**WORK ORDER**
Return the stretch from the line with "Close-up of geometric" through the line with "203 - An early" in the data below, character for character, skipping all pictures.

**RECORDS TO USE**
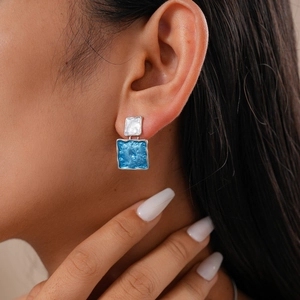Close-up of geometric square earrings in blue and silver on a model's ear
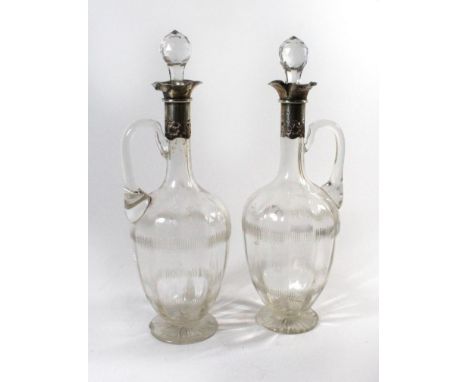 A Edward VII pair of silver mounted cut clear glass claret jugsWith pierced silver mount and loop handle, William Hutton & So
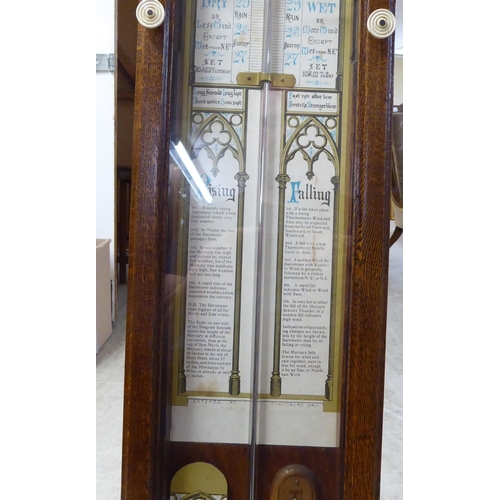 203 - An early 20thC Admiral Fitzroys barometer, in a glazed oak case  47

---

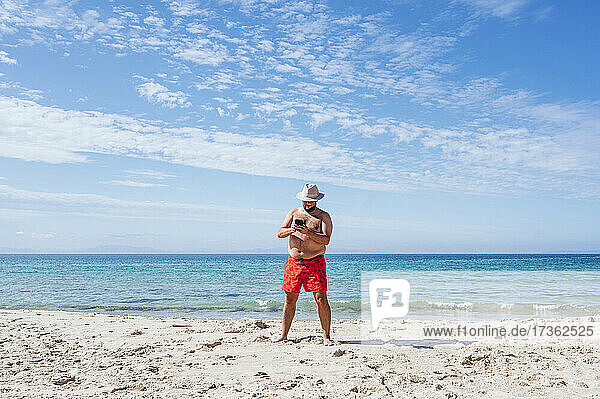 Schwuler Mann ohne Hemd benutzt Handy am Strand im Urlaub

...

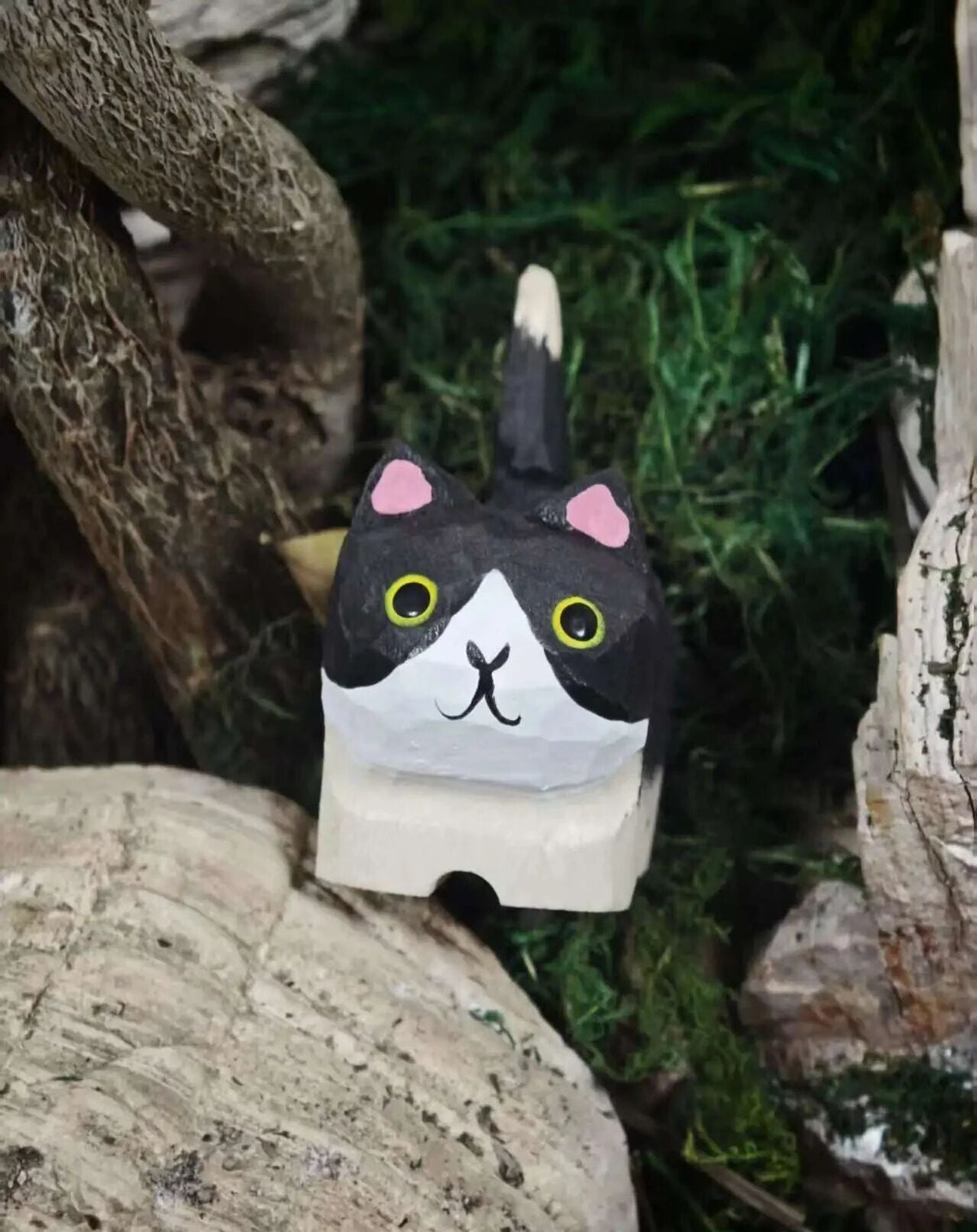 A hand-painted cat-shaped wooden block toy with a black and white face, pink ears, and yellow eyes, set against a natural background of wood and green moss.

**RESULT FOR THIS TASK**
Close-up of geometric square earrings in blue and silver on a model's ear
 A Edward VII pair of silver mounted cut clear glass claret jugsWith pierced silver mount and loop handle, William Hutton & So
 203 - An early 20thC Admiral Fitzroys barometer, in a glazed oak case  47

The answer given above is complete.